Lal Avantika, Gunsalus Laura, Gupta Anay, Biancalani Tommaso, Eraslan Gokcen
Biology Research | AI Development, gRED Computational Sciences, Genentech, South San Francisco, USA.
College of Computing, Georgia Institute of Technology, Atlanta, GA, USA.
Genome Biol. 2025 May 6;26(1):114. doi: 10.1186/s13059-025-03584-9.
The design of regulatory elements is pivotal in gene and cell therapy, where DNA sequences are engineered to drive elevated and cell-type specific expression. However, the systematic assessment of synthetic DNA sequences without robust metrics and easy-to-use software remains challenging.
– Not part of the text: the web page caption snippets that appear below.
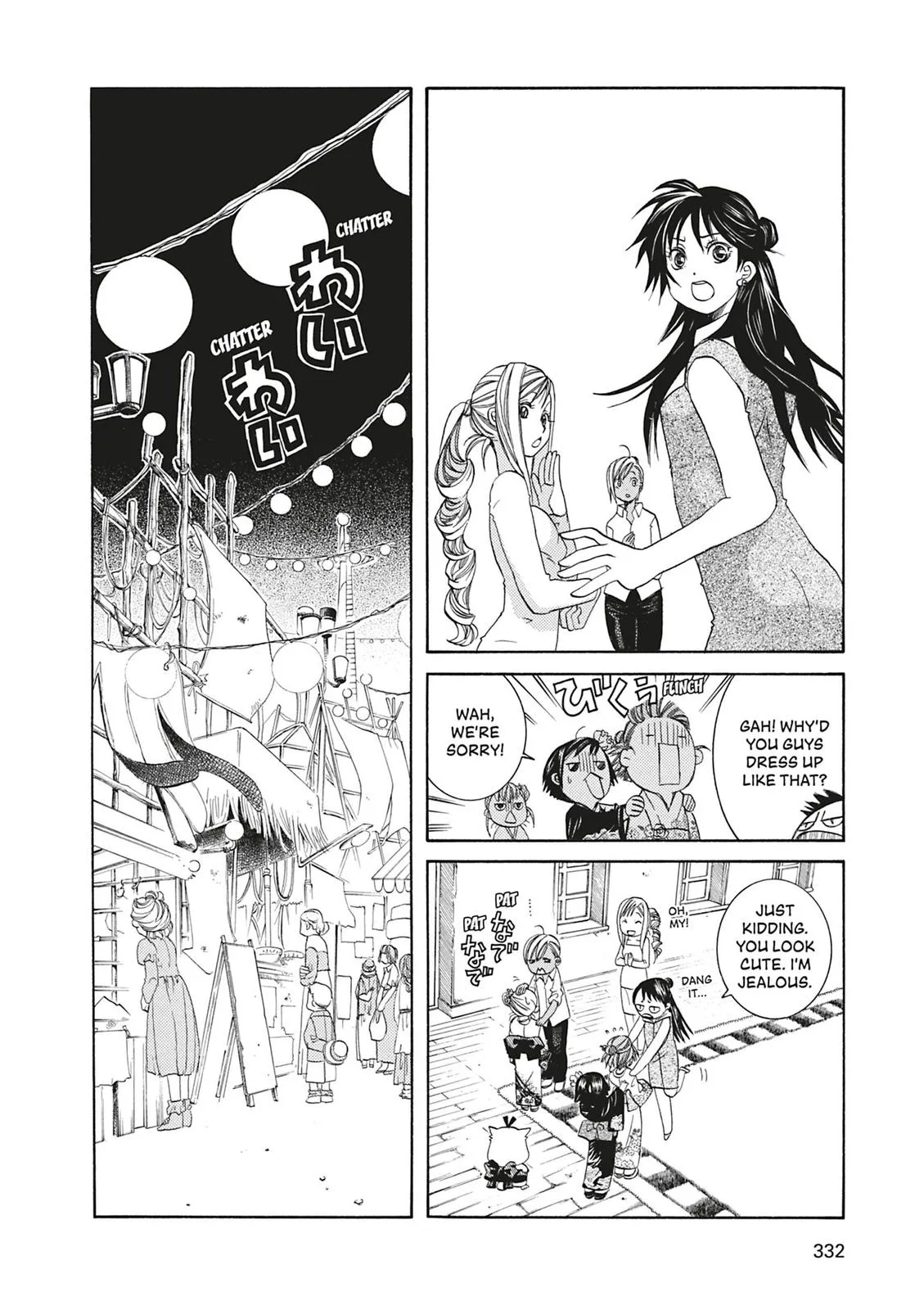 Read Aria en Manga Online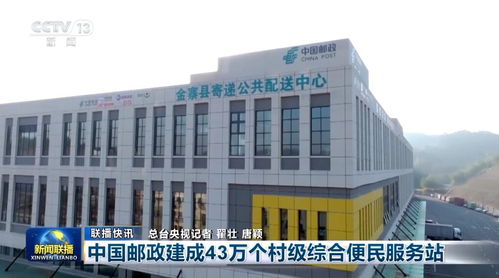 多維度 活力 數(shù)據(jù)印證經(jīng)濟量增質(zhì)升 高質(zhì)量發(fā)展扎實前行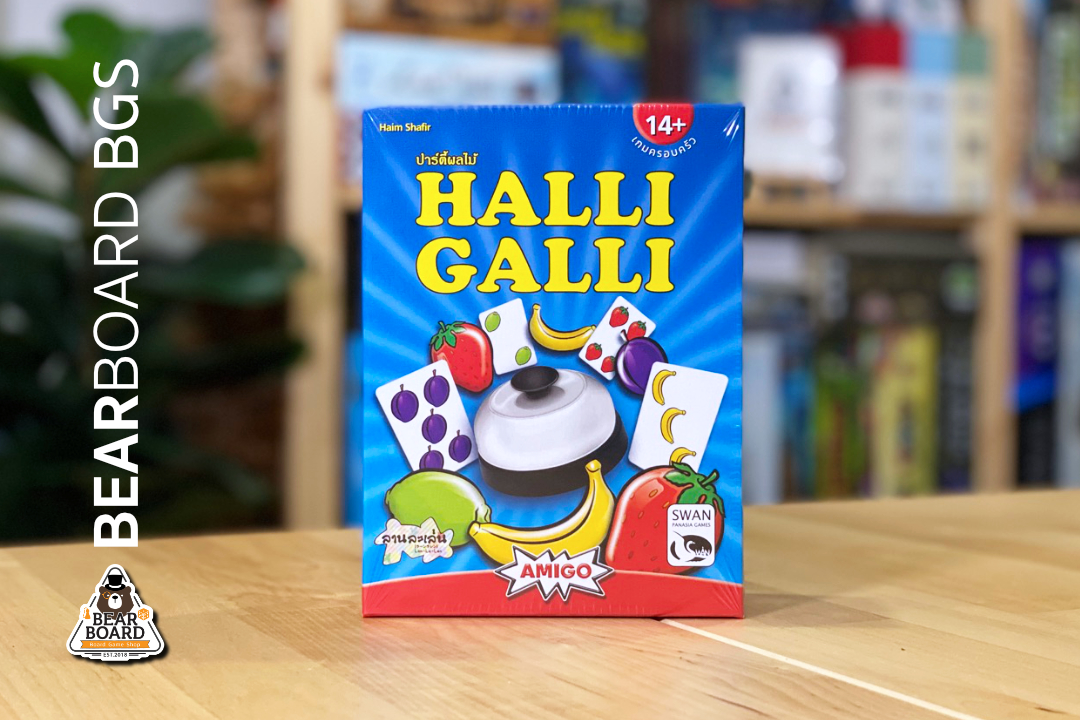 Halli Galli TH/DE ปาร์ตี้ผลไม้ บอร์ดเกม ภาษาไทย ของแท้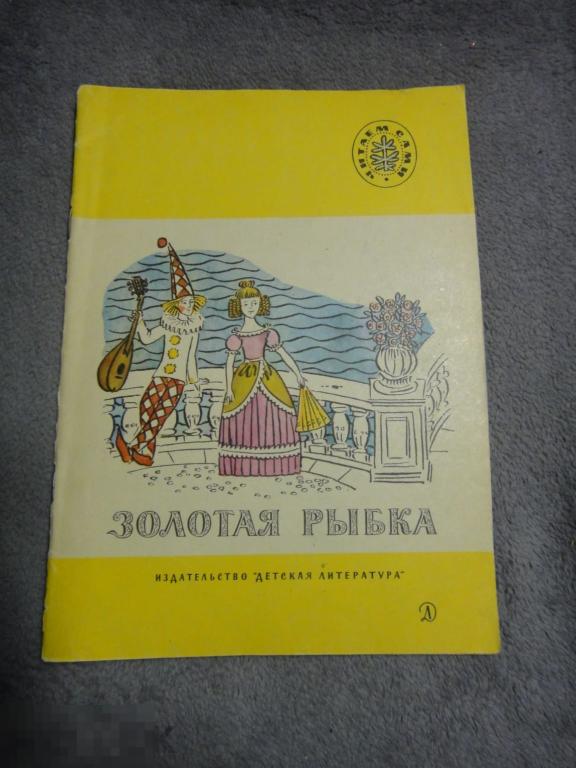 (WG) Золотая рыбка: Стихи русских поэтов 1985 Пушкин Цветаева Брюсов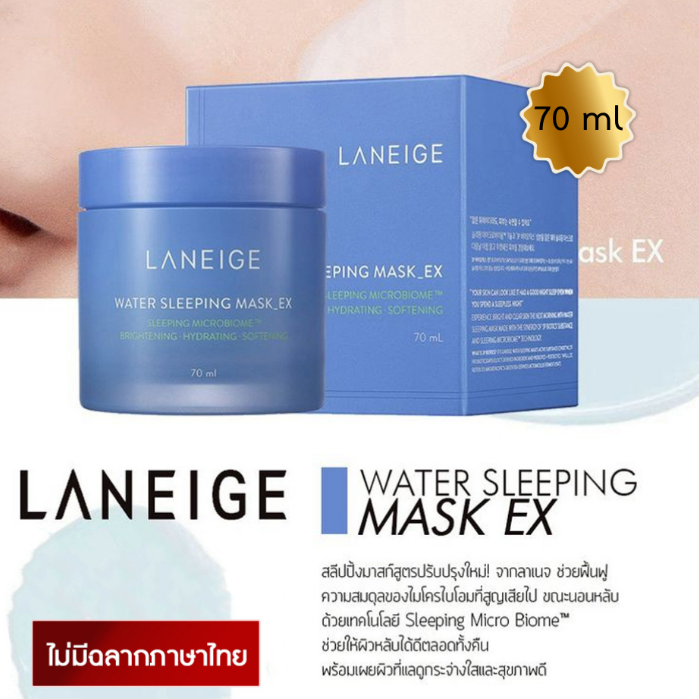 Laneige Water Sleeping Mask_EX  70ml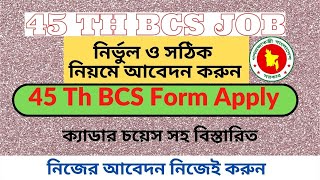 45 BCS Apply Online.45th BCS Form fill up 2022-23.BCS Job Circular Online Registration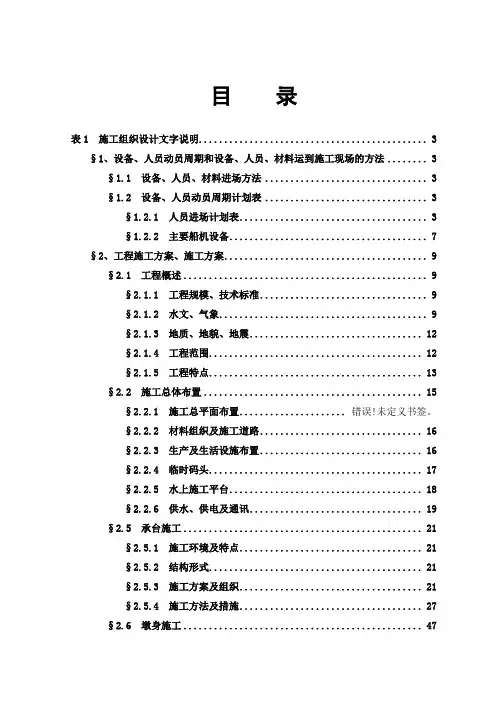 杭州湾跨海大桥施工方案现投标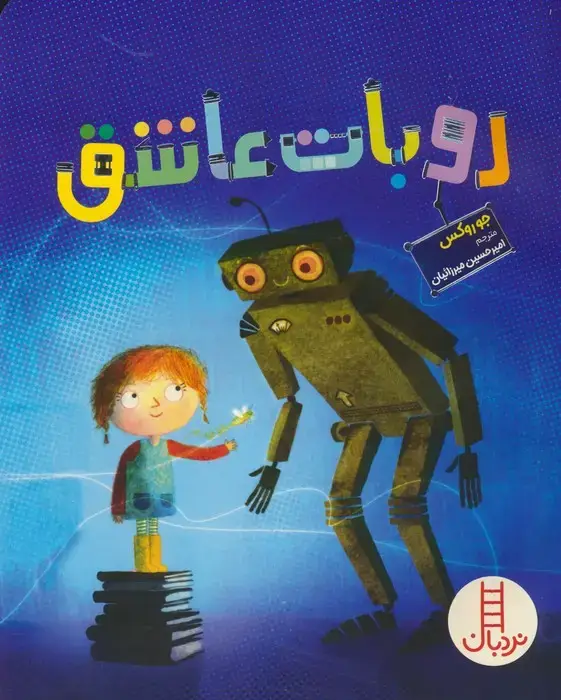 جلد کتاب روبات عاشق (گلاسه)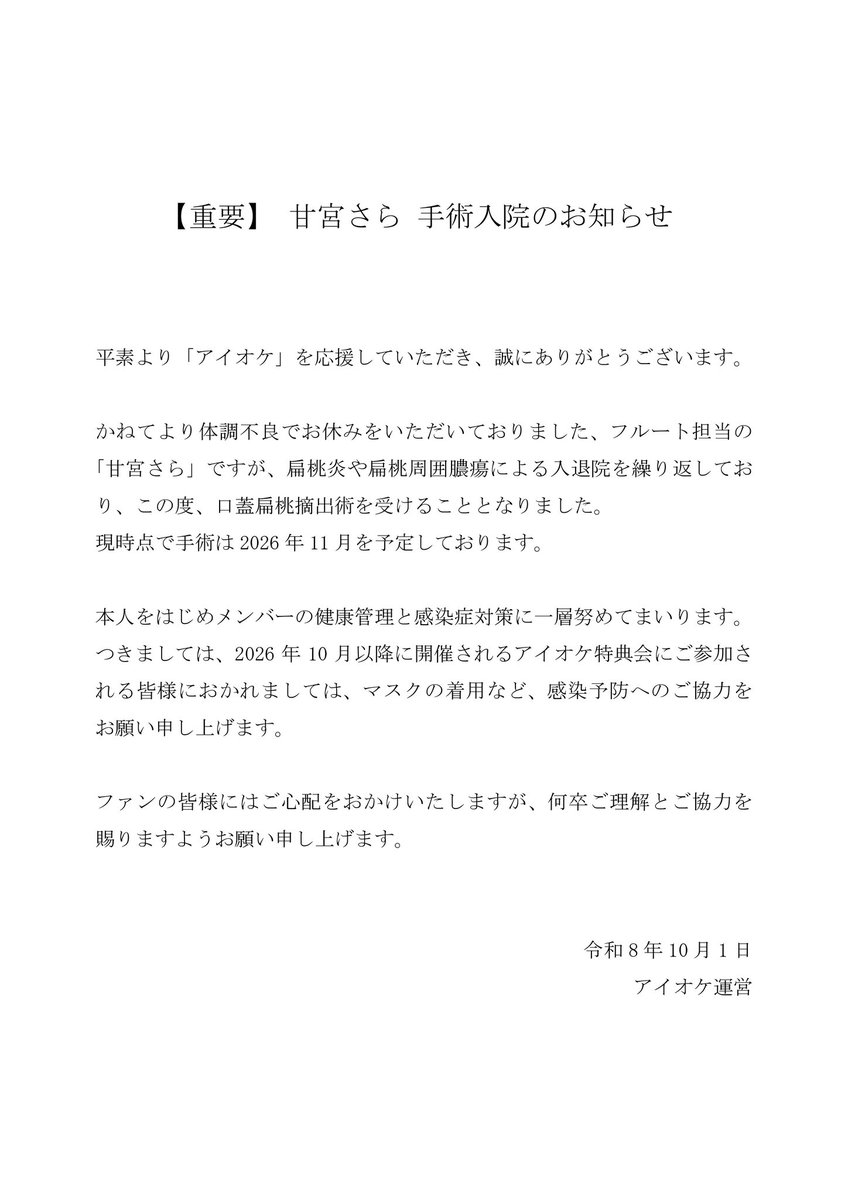 i_orchestra_'s tweet photo. 【重要なお知らせ】

何卒ご理解とご協力を賜りますよう
お願い申し上げます。

アイオケ運営 https://t.co/vHmRNkqEtj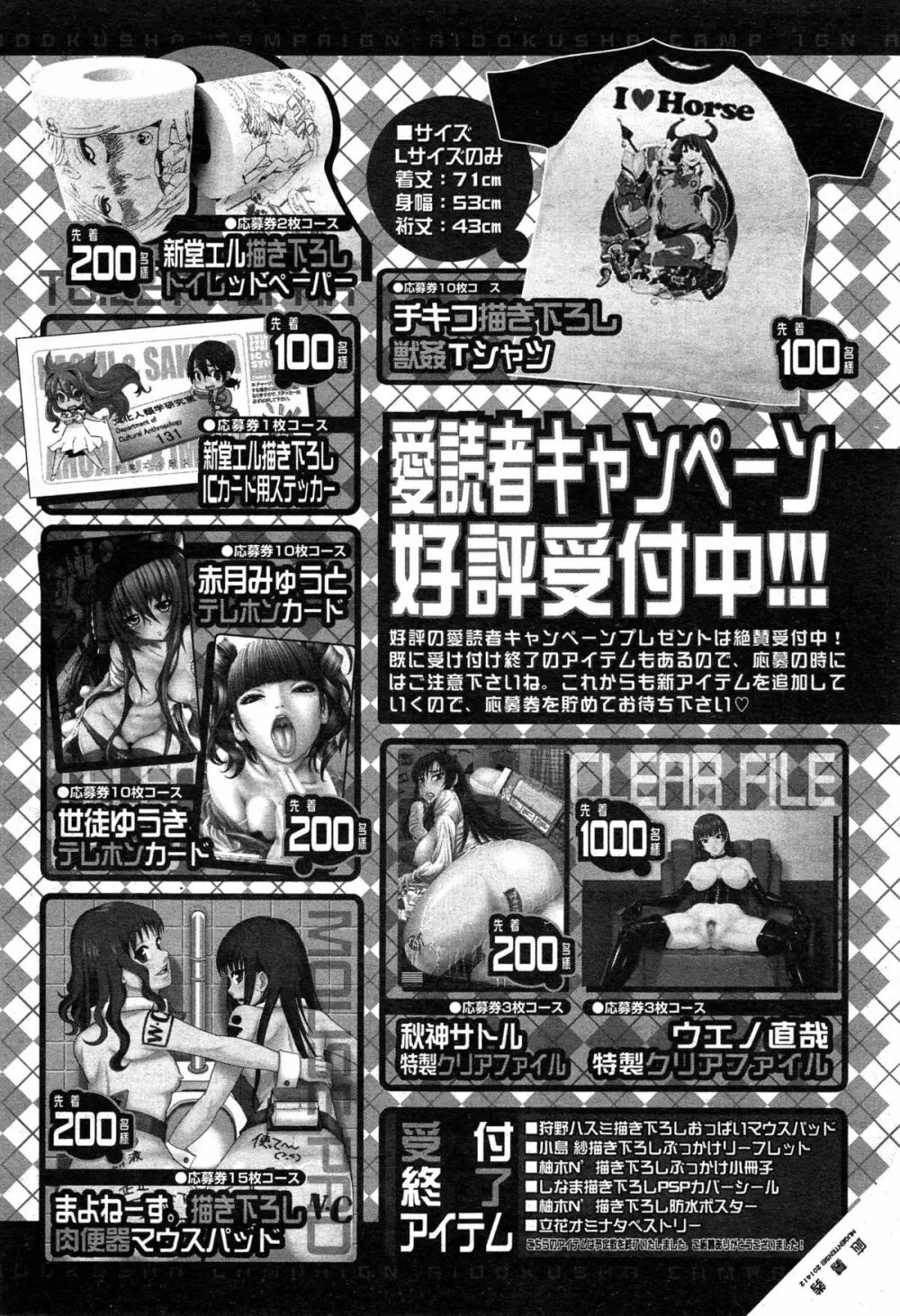 COMIC 夢幻転生 2014年12月号 Page.174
Here, we introduce Polygraph, a Python framework that evaluates synthetic DNA elements, based on features like diversity, motif and k-mer composition, similarity to endogenous sequences, and screening with predictive and foundational models. Polygraph is the first instrument for assessing synthetic regulatory sequences, enabling faster progress in therapeutic interventions and improving our understanding of gene regulatory mechanisms.
调控元件的设计在基因和细胞治疗中至关重要,在基因和细胞治疗中,DNA序列经过工程改造以驱动高水平和细胞类型特异性表达。然而,在没有强大的指标和易于使用的软件的情况下,对合成DNA序列进行系统评估仍然具有挑战性。在这里,我们介绍了Polygraph,这是一个基于多样性、基序和k-mer组成、与内源性序列的相似性以及用预测模型和基础模型进行筛选等特征来评估合成DNA元件的Python框架。Polygraph是第一个用于评估合成调控序列的工具,它能够在治疗干预方面取得更快的进展,并增进我们对基因调控机制的理解。